> [PROBLEM STATEMENT] All that is needed is the run of lines from the top of the entries to the line with "It will delete", that line included, repeated exactly and free of pictures.

(Collected data entries)
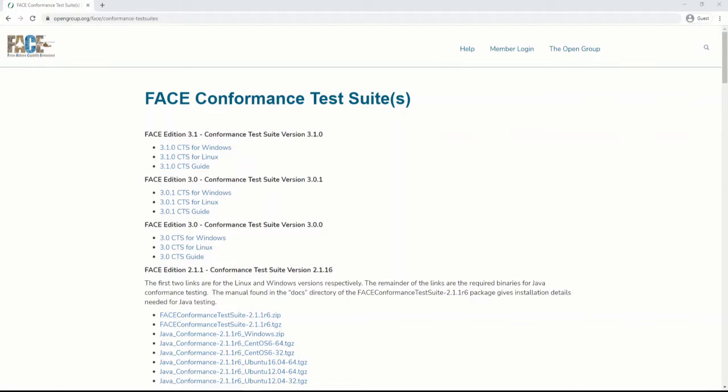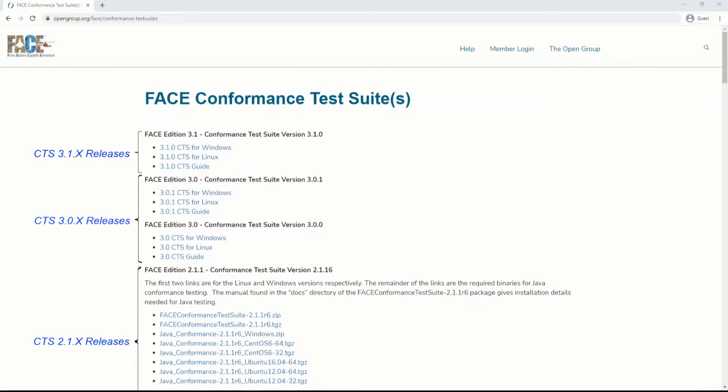The downloads of the CTS are listed on the Downloads page, ordered by versions of the Technical Standard. For example, Face Technical Standard 3.1 is listed at the top of the webpage, followed by versions of 3.0, followed by versions of 2.1, etc.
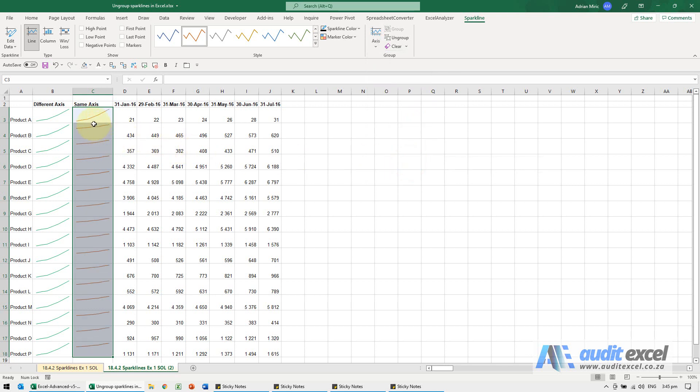So what that's now doing is actually considering each sparkline on its own, so even though this one is in the 20s and this one's in the 4000s, the axis is shown in a relative size.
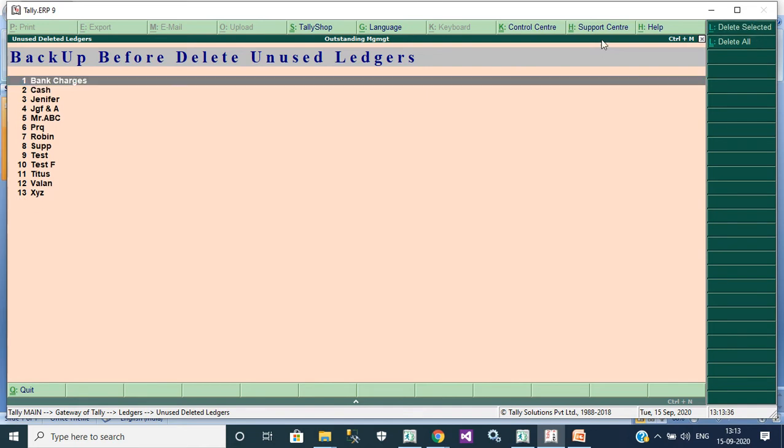It will delete that particular ledger. If you don't want all ledgers, you can click delete all.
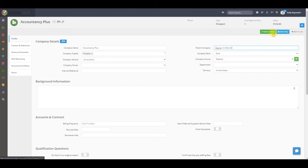You can go ahead and save and close, or save only. Now that you've added this subcompany to that parent company, it will be listed as a subcompany in the parent record.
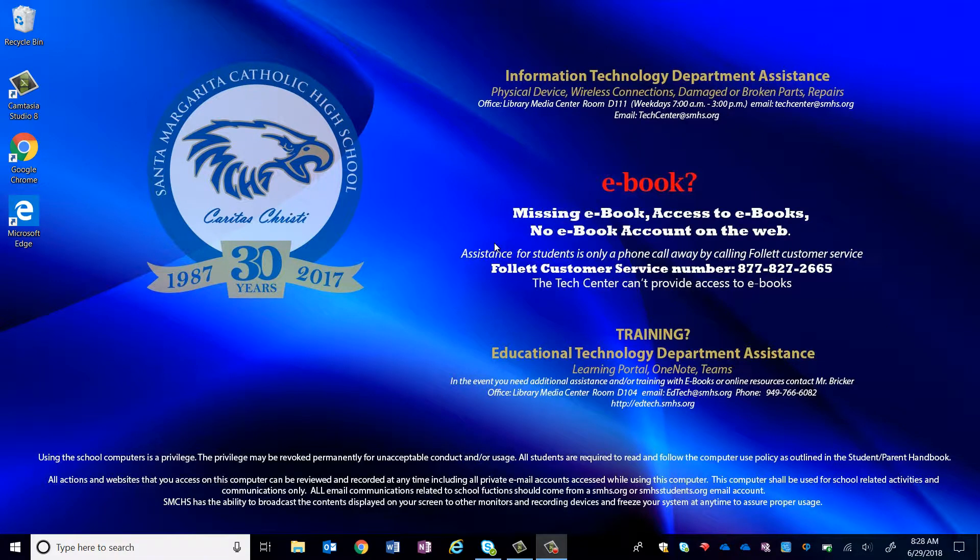Hi, welcome to the SMTech channel. This video is going to instruct you on how to pin a web page to the taskbar.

> [SOLUTION TO THE EXERCISE]
The downloads of the CTS are listed on the Downloads page, ordered by versions of the Technical Standard. For example, Face Technical Standard 3.1 is listed at the top of the webpage, followed by versions of 3.0, followed by versions of 2.1, etc.
So what that's now doing is actually considering each sparkline on its own, so even though this one is in the 20s and this one's in the 4000s, the axis is shown in a relative size.
It will delete that particular ledger. If you don't want all ledgers, you can click delete all.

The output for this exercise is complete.